◆ **Task statement**: Copy every entry below exactly as it appears, leaving out the images.

Image-text web data:
══════

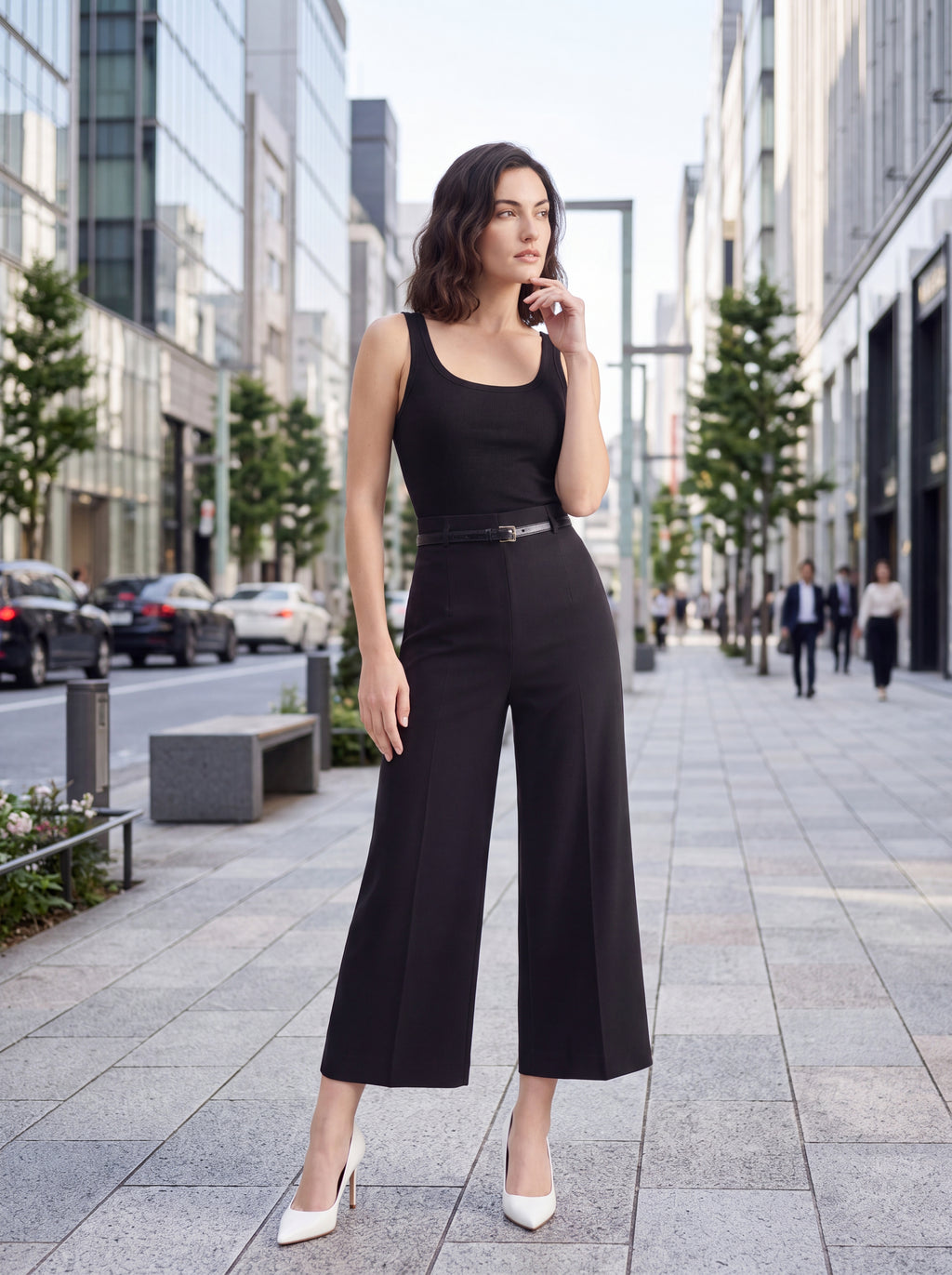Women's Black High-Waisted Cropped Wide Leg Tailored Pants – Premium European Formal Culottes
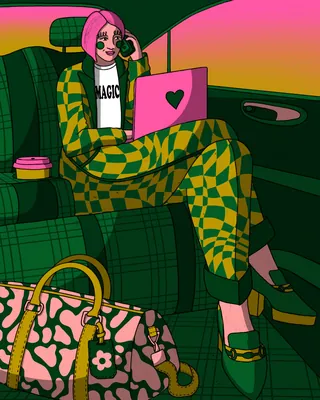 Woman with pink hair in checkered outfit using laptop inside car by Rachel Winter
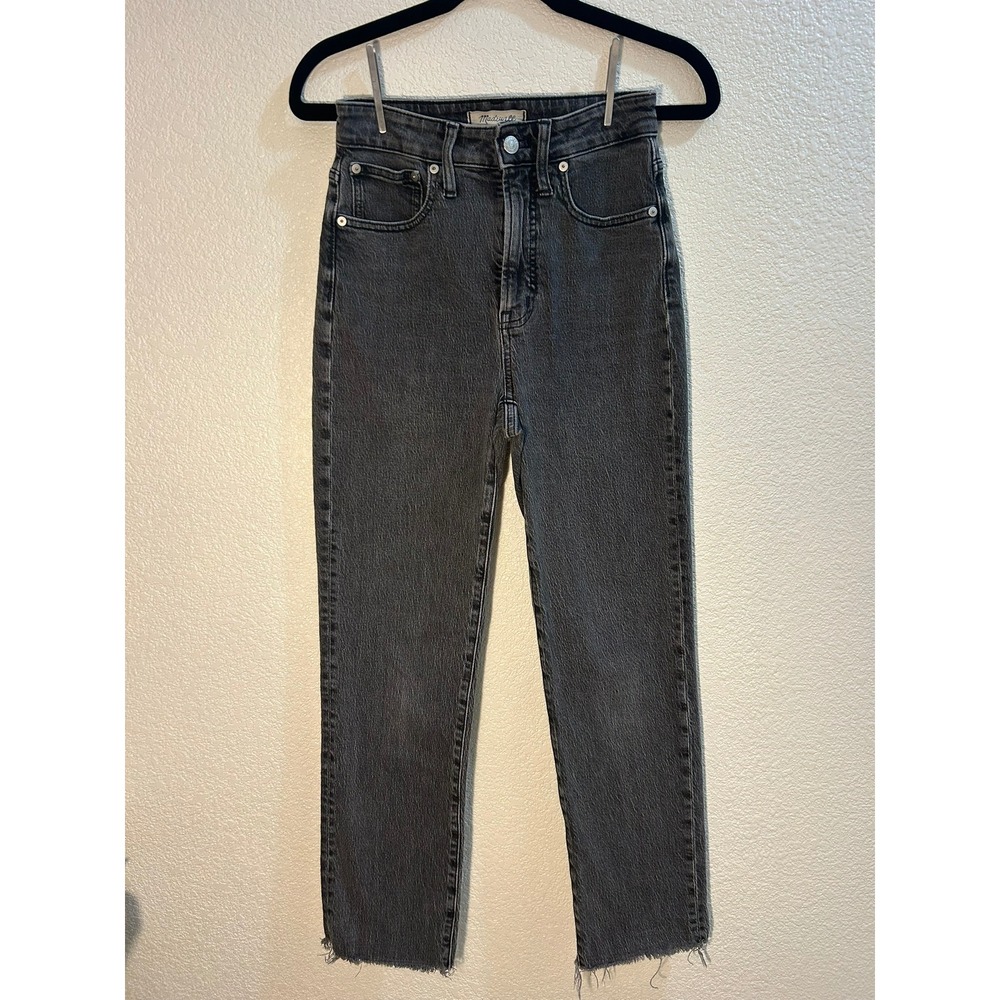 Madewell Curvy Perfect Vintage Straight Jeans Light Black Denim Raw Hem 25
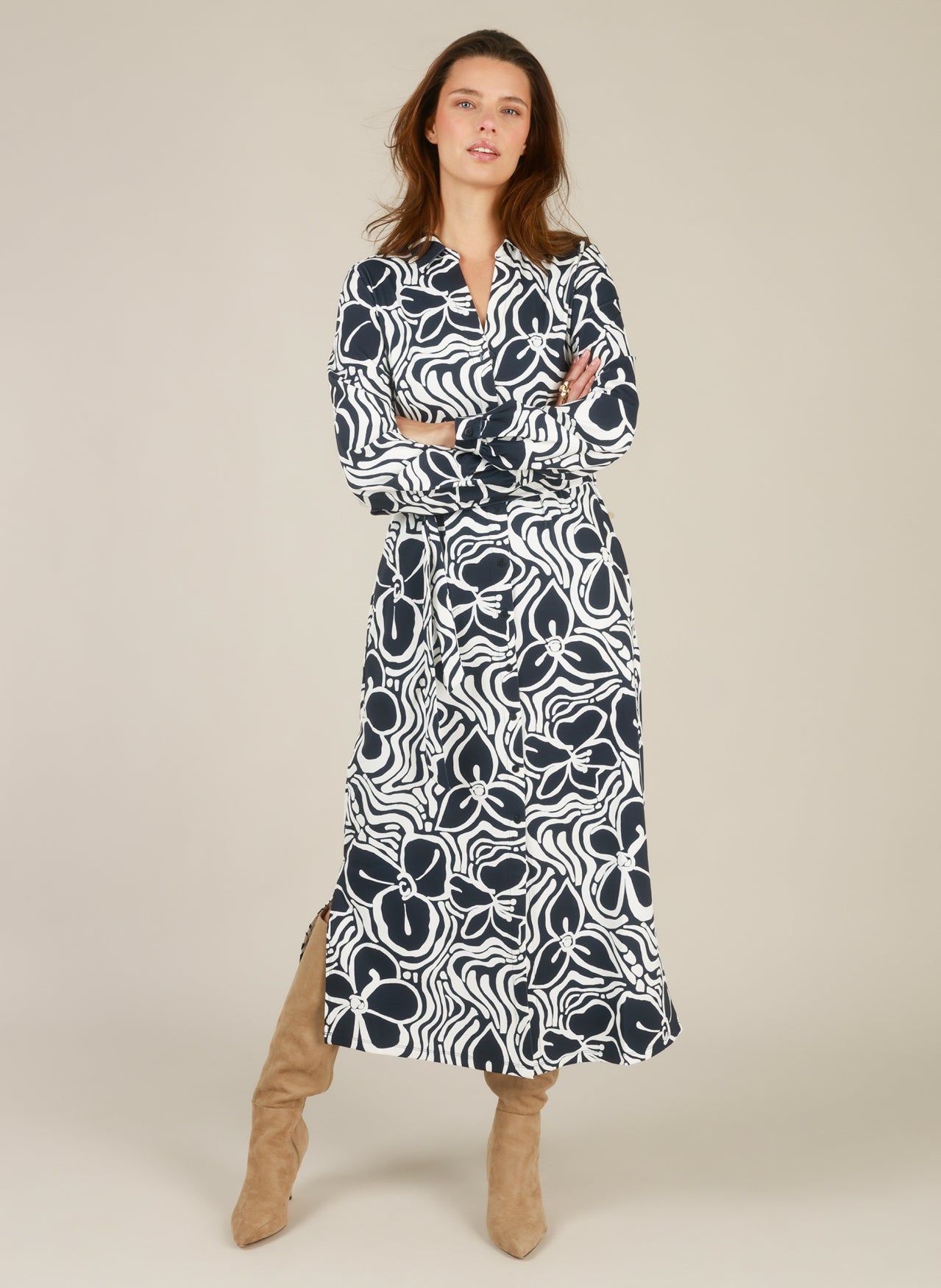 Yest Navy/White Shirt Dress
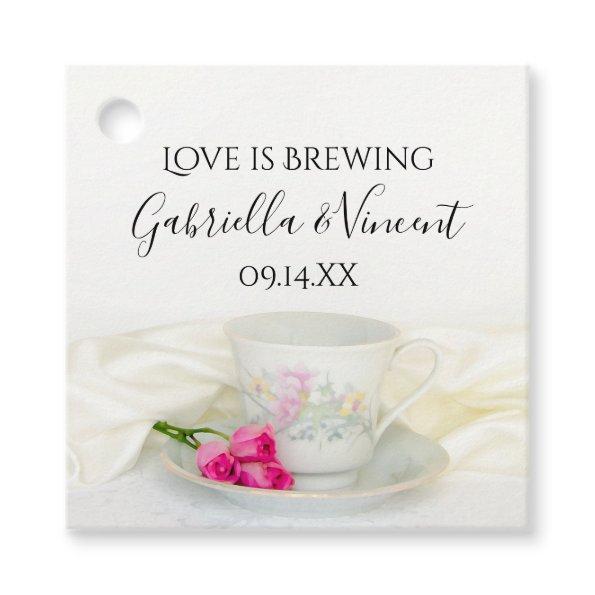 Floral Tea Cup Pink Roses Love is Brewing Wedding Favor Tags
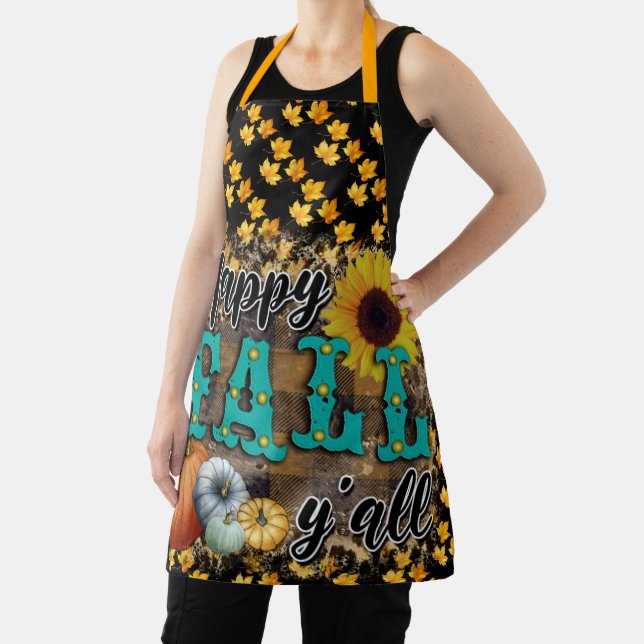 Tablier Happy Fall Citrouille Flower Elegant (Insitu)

══════

◆ **Written answer**:
Women's Black High-Waisted Cropped Wide Leg Tailored Pants – Premium European Formal Culottes
 Woman with pink hair in checkered outfit using laptop inside car by Rachel Winter
 Madewell Curvy Perfect Vintage Straight Jeans Light Black Denim Raw Hem 25
 Yest Navy/White Shirt Dress
 Floral Tea Cup Pink Roses Love is Brewing Wedding Favor Tags
 Tablier Happy Fall Citrouille Flower Elegant (Insitu)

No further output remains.